● Work to be completed:
The material below holds pictures, which are to be left out; copy exactly the lines from the one with "Vintage Diplodocus - British" through the one with "гидра Слюдянка".

● Records supplied:
──────
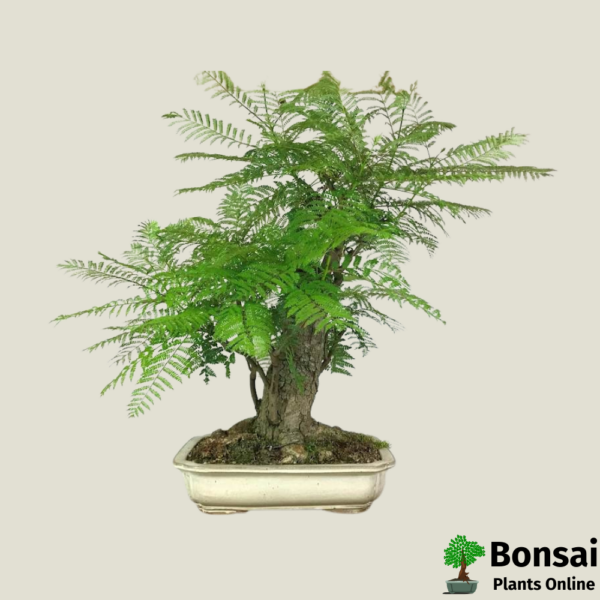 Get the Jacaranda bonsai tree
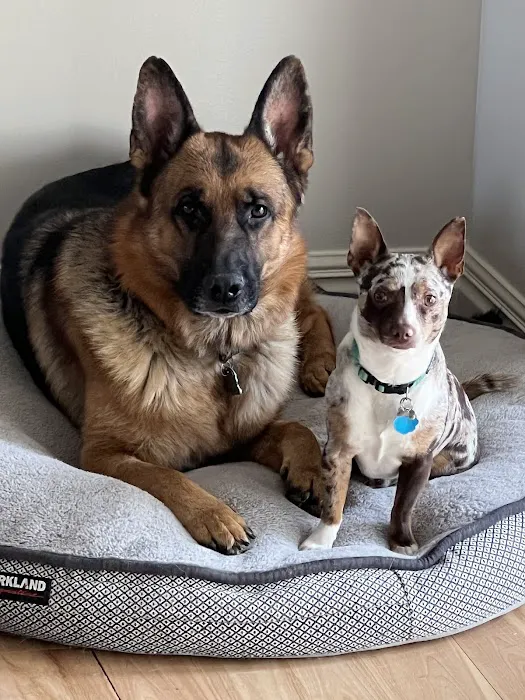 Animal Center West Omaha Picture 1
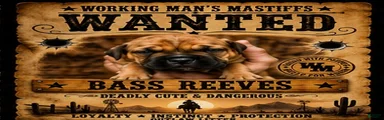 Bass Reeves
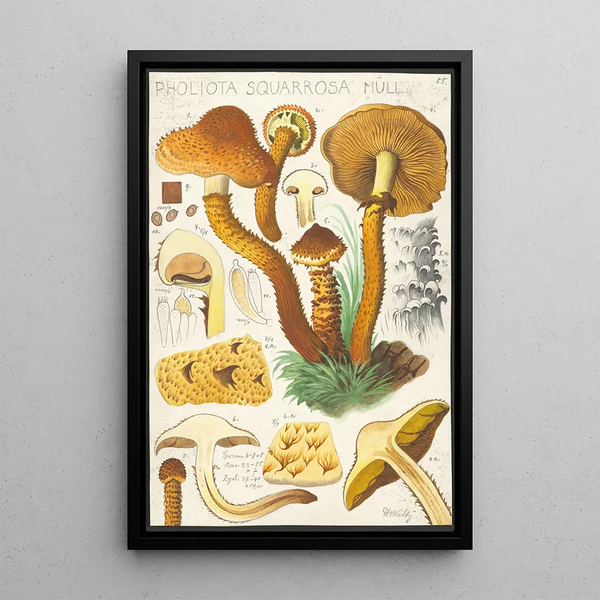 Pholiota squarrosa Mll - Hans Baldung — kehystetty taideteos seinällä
──────
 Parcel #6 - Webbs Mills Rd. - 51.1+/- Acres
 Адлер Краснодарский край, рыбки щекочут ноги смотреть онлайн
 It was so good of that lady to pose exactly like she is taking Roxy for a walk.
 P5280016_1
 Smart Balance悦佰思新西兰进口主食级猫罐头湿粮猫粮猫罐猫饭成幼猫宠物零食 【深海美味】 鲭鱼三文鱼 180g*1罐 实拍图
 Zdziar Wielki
──────
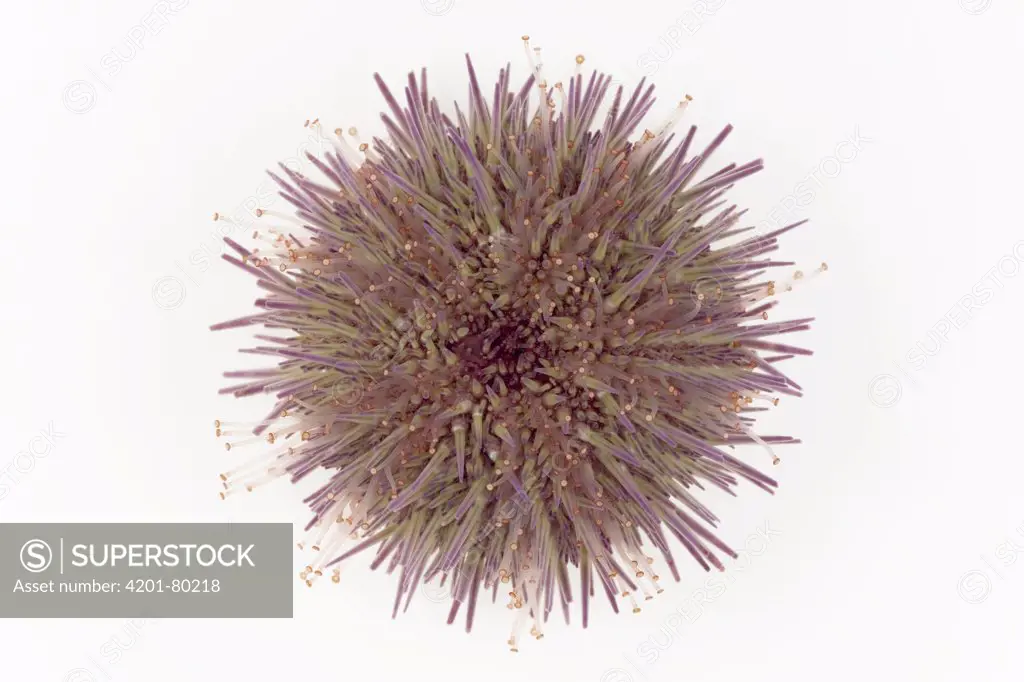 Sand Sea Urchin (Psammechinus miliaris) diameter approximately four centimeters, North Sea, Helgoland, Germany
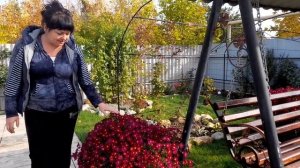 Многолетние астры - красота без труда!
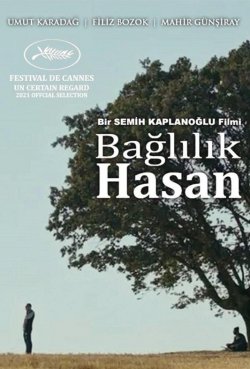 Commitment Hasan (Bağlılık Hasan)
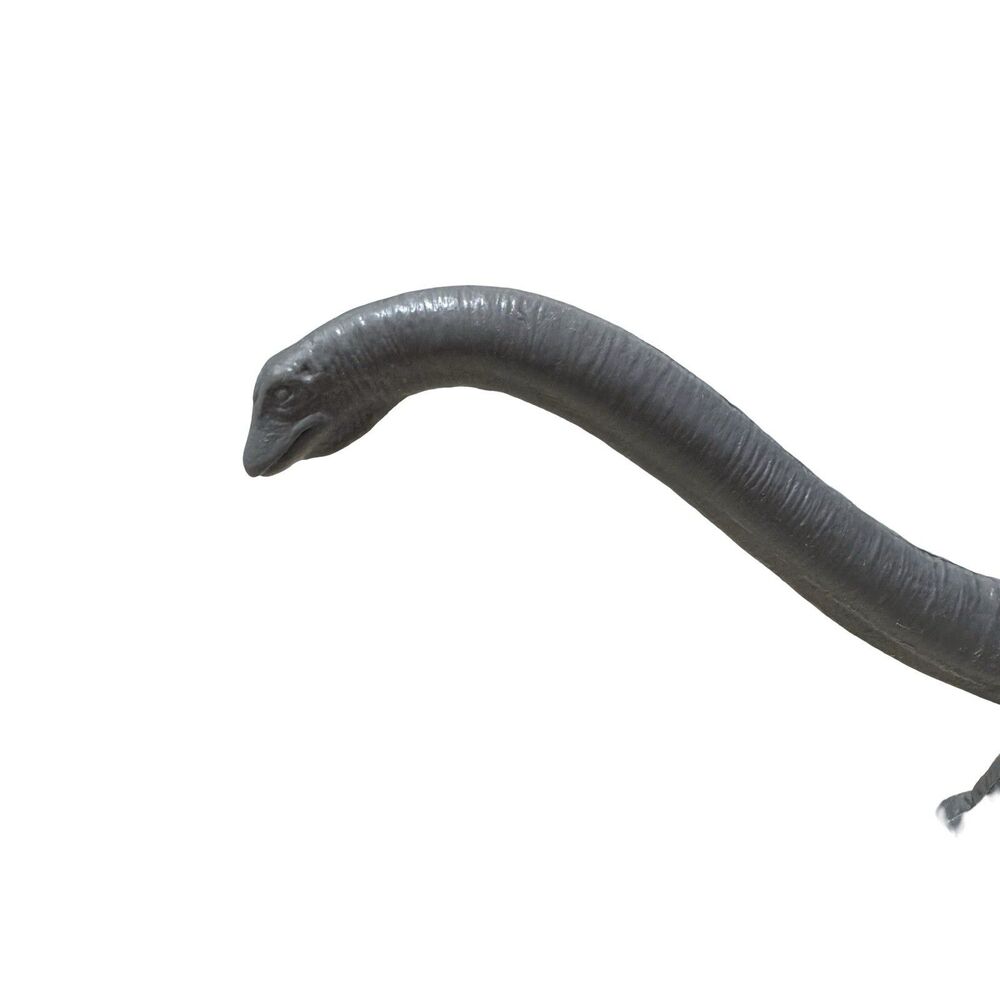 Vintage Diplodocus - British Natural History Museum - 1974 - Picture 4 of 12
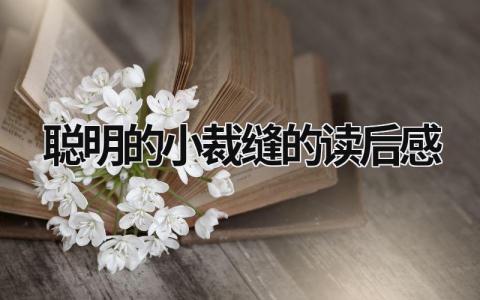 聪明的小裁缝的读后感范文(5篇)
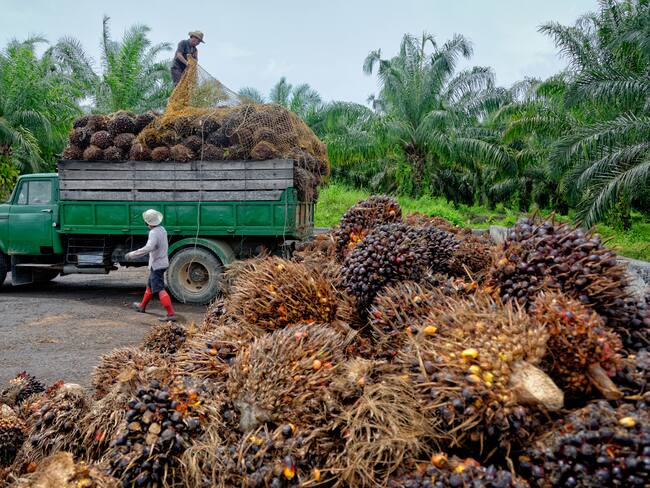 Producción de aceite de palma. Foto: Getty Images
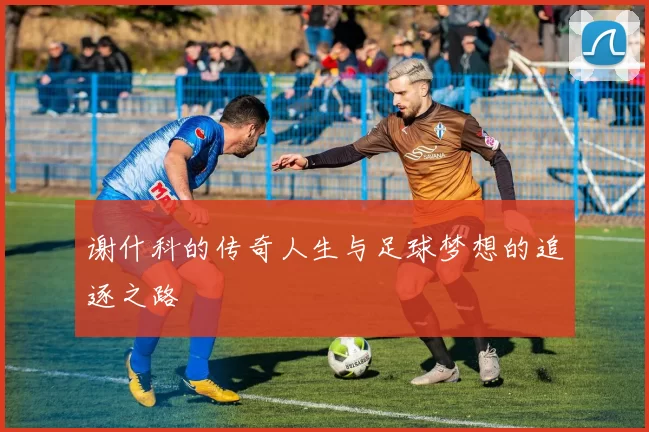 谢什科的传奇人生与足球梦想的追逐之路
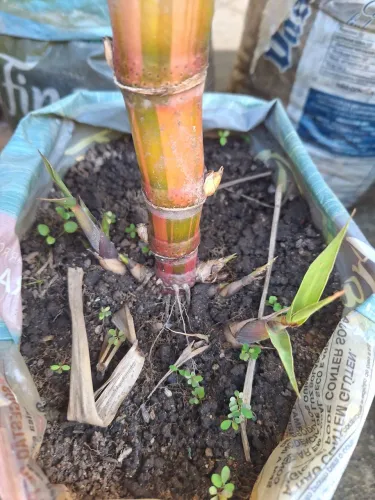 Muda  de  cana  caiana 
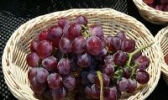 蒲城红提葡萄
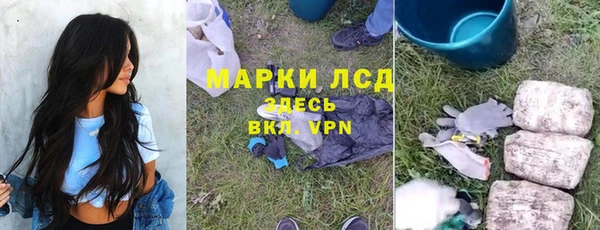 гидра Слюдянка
──────
● Your response:
 Vintage Diplodocus - British Natural History Museum - 1974 - Picture 4 of 12
 聪明的小裁缝的读后感范文(5篇)
 Producción de aceite de palma. Foto: Getty Images
 谢什科的传奇人生与足球梦想的追逐之路
 Muda  de  cana  caiana 
 蒲城红提葡萄
 гидра Слюдянка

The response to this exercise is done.